I remember my first preschool classroom. I had spent the summer getting centers and their materials ready. I had visited thrift stores and garage sales, searching for special and unique items for each area. Antique rolling pins and cutting boards for the play dough area. Fabulous stainless steel teapots in the home living area. Wooden crates with lids for the construction area.
During open centers on the first day of school, I noticed Clara took the rolling pins out of the play dough area and into the home living area. At the same time, Jacob had taken one of the wooden crates to the art center to hold up his cardboard.
My first impulse was to stop this madness! Everything had a home. The rolling pins MUST stay with the play dough! And the wooden crates are for building with.
But as I watched materials being carried from one area of the classroom to another, I saw that every child had an intended use for the material. It was not random. It was purposeful.
The items carried into new areas were engaging children’s play.
One day, a few weeks later, the cross-pollination of materials was irritating me. I was uncomfortable as a new educator. No one else allowed it. What the heck was I thinking? I better stop this madness.
I promptly told the children they had to keep the materials where they “belonged” in their center “home.” I stood barking orders to return the classroom to its original tidy order.
Something happened that really surprised me. Children were fighting more. The classroom seemed off.
Jacob pulled at my hand.
“Mrs Haughey, can I take the wooden crate to the art center for today only? I really need it. I can’t do my art without it.”
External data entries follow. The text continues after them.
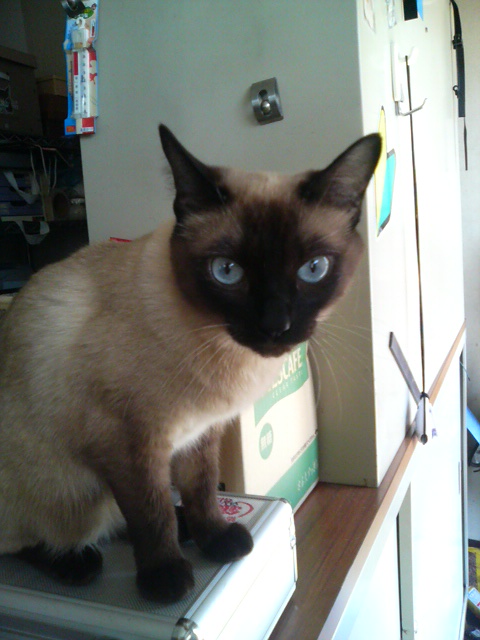 オ～チェリン♪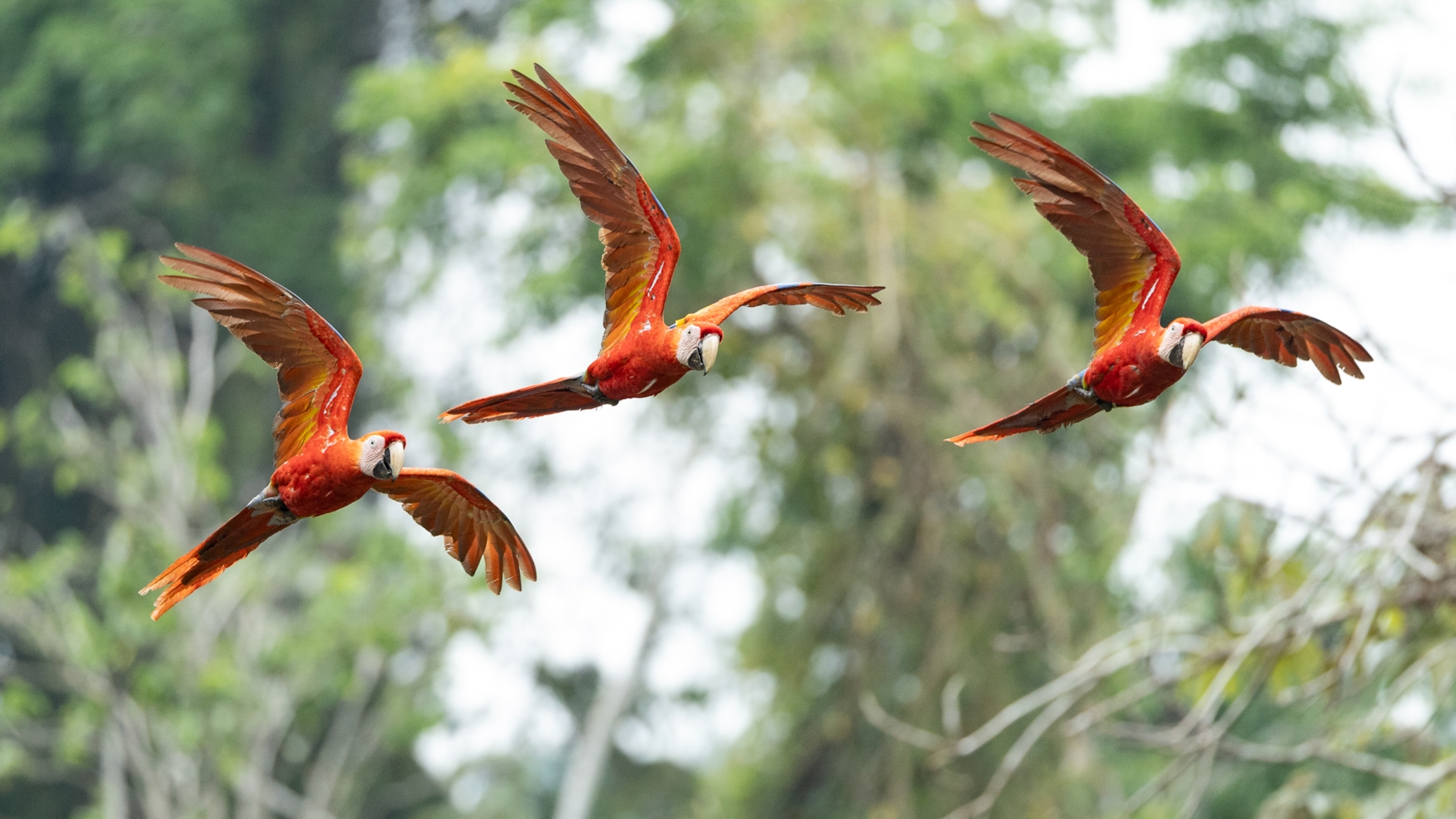Three macaws with their wings upward fly.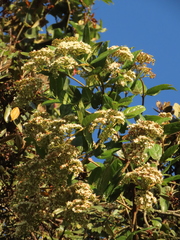 Viburnum tinoides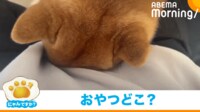【映像】ポケットに頭を突っ込む柴犬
There it was. I had imposed a constraint on the children’s thinking and ideas. I stopped all uses of materials that did not fit within the boundaries of certain materials that can only be used in specific centers.
Why would I want to stop the creativity, ideas, and possibilities in play when this was building essential neural pathways of flexible thinking and innovation?
So from that day on, I let them cross-pollinate.
Now, I have a feeling you might be thinking about one important logistics, in fact, the biggest issue – cleaning up. A “messier” classroom is a small price for the richer play that emerged.
Wondering where to start? Consider these first steps:
- The first step is to teach the children where everything belongs. I will often start the year with fewer materials and loose parts so we can return everything to its spot with more ease. Everything in the classroom has a home.
- Give time at the end of play for pick-up. Consider using visual labels to help children remember where materials belong.
- I like to tell the children they have the right to use the materials where they wish (except art materials). And with that right comes the responsibility for caring for that material by returning it to its home in the classroom.
- If cross-pollination overwhelms you, start with two areas and see how it goes. Construction center and Home Living are great cross-pollinators.
- Take it slow.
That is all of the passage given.